I guess to be "fair," he spoke about the Prophet Muhammad (pbuh). He wrote that: "Islam's founder made a couple of theological U-turns as well. Seeing himself as a prophet in the Old Testament tradition, Muhammad instructed his followers to direct their prayers toward Jerusalem. But the Jews of Arabia rejected his teaching, and Muhammad revised that spiritual compass -- and Muslims now face Mecca during prayer."
Quite an interesting observation...but inaccurate in its implication. Indeed, the first direction of prayer, or qiblah, was Jerusalem. Yet, in the Prophet's heart, he desired that the direction of prayer be Mecca, being the city of Abraham, and that the Prophet (pbuh) was sent to revive the religion of Abraham. The Prophet, in fact, used to pray in Mecca toward Jerusalem, with the Ka'bah in between him and the Holy Land. God acknowledged this feeling in the Qur'an:
We see the turning of your face to the sky; so We will turn you to a direction of prayer that you will find pleasing. (2:144)

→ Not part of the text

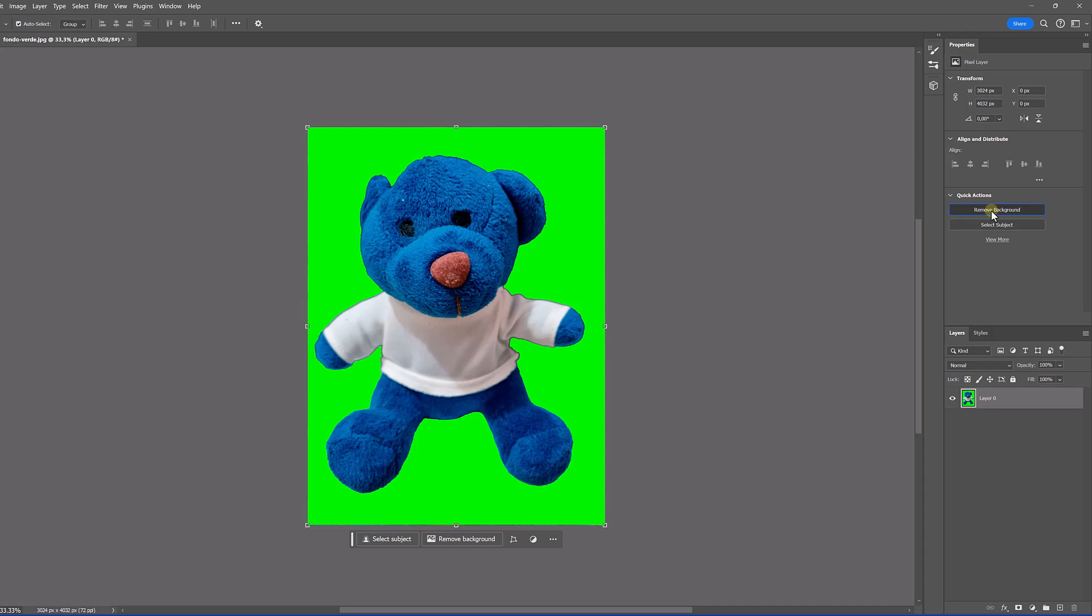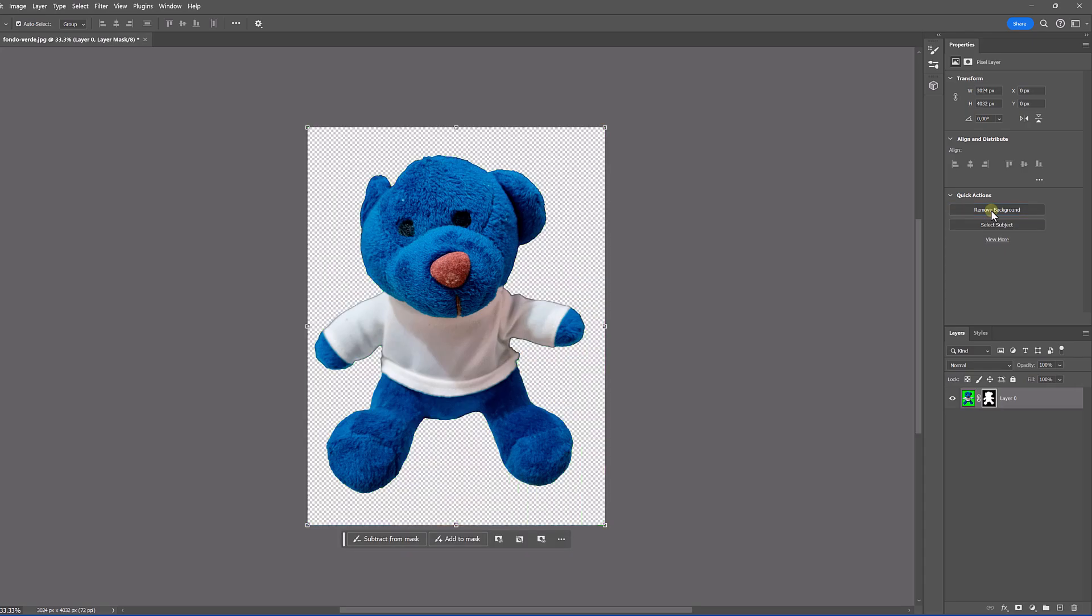If we click on this option, we will see that in a few seconds our background is automatically removed and we can easily put the one we want.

So, after he emigrated to Medinah, the qiblah was changed from Jerusalem to Mecca:
Turn your face to the sacred mosque: wherever you are, turn your faces in its direction. Those to whom the scripture has been given will know that this is the truth from their Lord. And God is not heedless of what they do. (2:144)
On the surface, it would seem that the changing of the direction of prayer was a reaction of the Jews' rejection of the Prophet Muhammad (pbuh). In fact, they mocked him when the command to change the qiblah was revealed, and the Qur'an responds to this mockery:
Ignorant people will say, "What has turned them from the direction of prayer to which they were accustomed?" Say, "To God belong the East and the West: God guides to a straight path whomever God wills. (2:142)
Yet, as can be seen, the change of the qiblah was a commandment by God, not a petty reaction to the rejection of the Jews of Medinah. In fact, God says that He changed the qiblah to test the faith of the Prophet's followers:
And We only established the direction of prayer to which you had been accustomed that We might know those who follow the messenger from those who turn back on their heels. (2:143)
Furthermore, God advises the believers not to heed the mockery of those who do not believe:
Wherever you set out from, turn your face toward the direction of the sacred mosque; and wherever you are, turn your faces in the direction, that the people have no cause of dispute against you, except those of them who have gone wrong. So do not fear them, but fear Me, that I may complete My favor to you, and that you may accept guidance. (2:150)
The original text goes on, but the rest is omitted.